» Task item: Where an image occurs, skip it and print the rest of the records verbatim.

------------------------

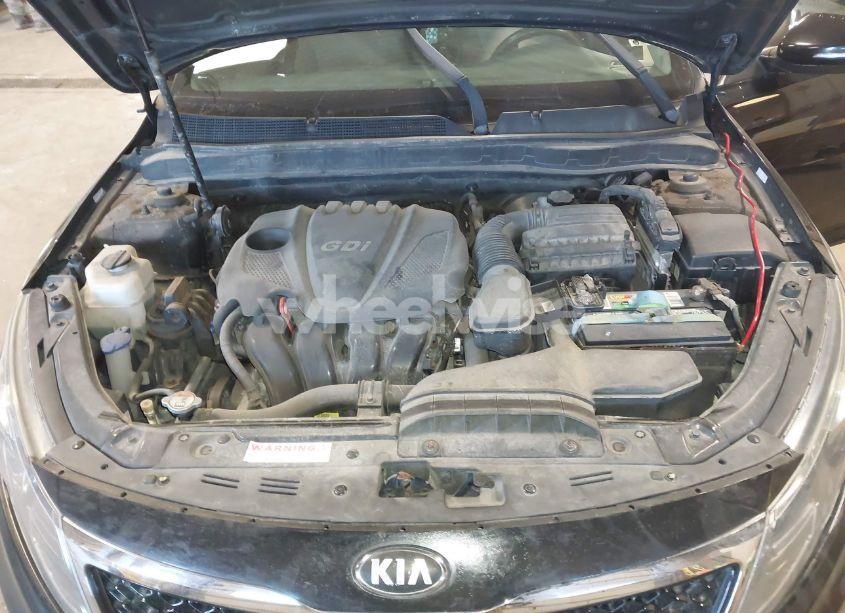 Photo 10 of 2013 Kia Optima LX (VIN 5XXGM4A72DG106332)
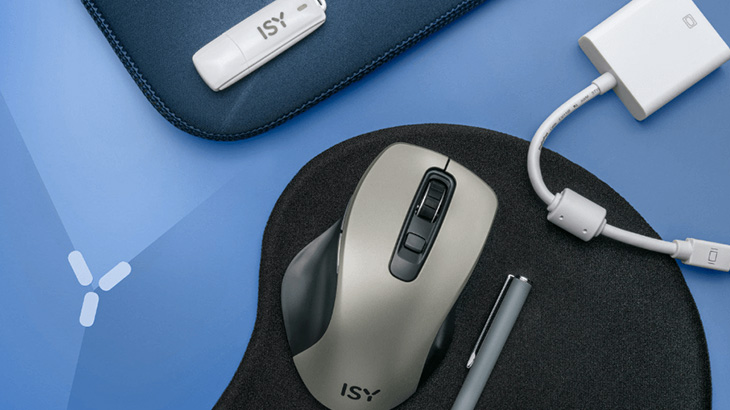 Na niebieskim tle leżą: mysz na czarnej podkładce, biały adapter z kablem, pendrive i fragment podkładki.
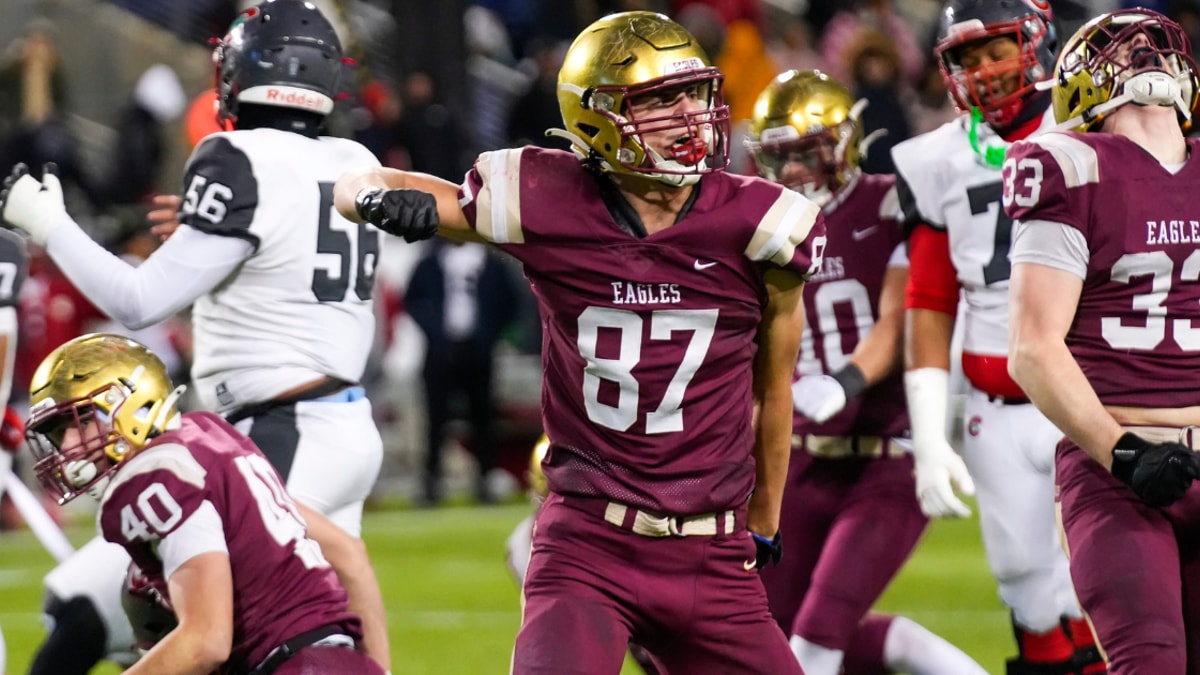 Bishop Watterson's Jack Schuler (87) celebrates after CJ Youell (40) got a sack against Toledo Central Catholic in the second half of the Division III State Championship game at Tom Benson Hall of Fame Stadium on Friday, Dec. 6, 2024 in Canton, Ohio. (© Samantha Madar/Columbus Dispatch / USA TODAY NETWORK via Imagn Images)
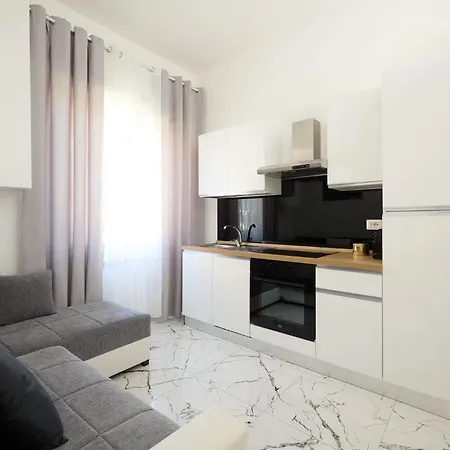 Apartment Free Parking - Due Passi Dal Maggiore Arona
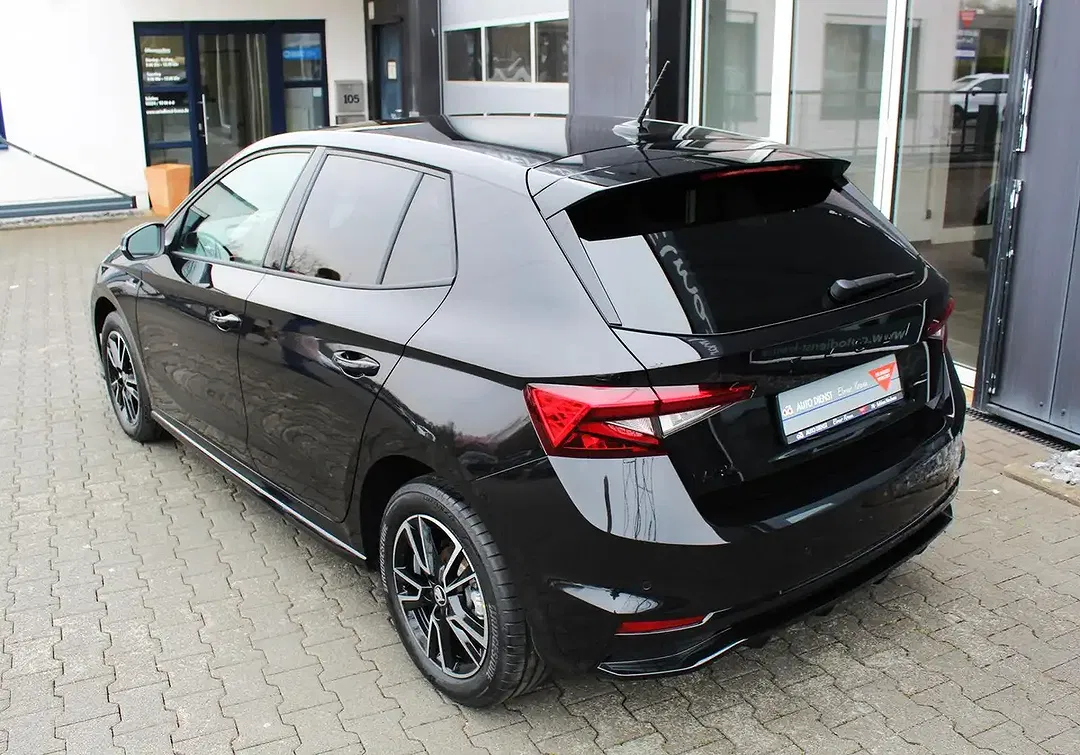 Skoda Fabia - Thumbnail 2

------------------------

» Your response:
 Photo 10 of 2013 Kia Optima LX (VIN 5XXGM4A72DG106332)
 Na niebieskim tle leżą: mysz na czarnej podkładce, biały adapter z kablem, pendrive i fragment podkładki.
 Bishop Watterson's Jack Schuler (87) celebrates after CJ Youell (40) got a sack against Toledo Central Catholic in the second half of the Division III State Championship game at Tom Benson Hall of Fame Stadium on Friday, Dec. 6, 2024 in Canton, Ohio. (© Samantha Madar/Columbus Dispatch / USA TODAY NETWORK via Imagn Images)
 Apartment Free Parking - Due Passi Dal Maggiore Arona
 Skoda Fabia - Thumbnail 2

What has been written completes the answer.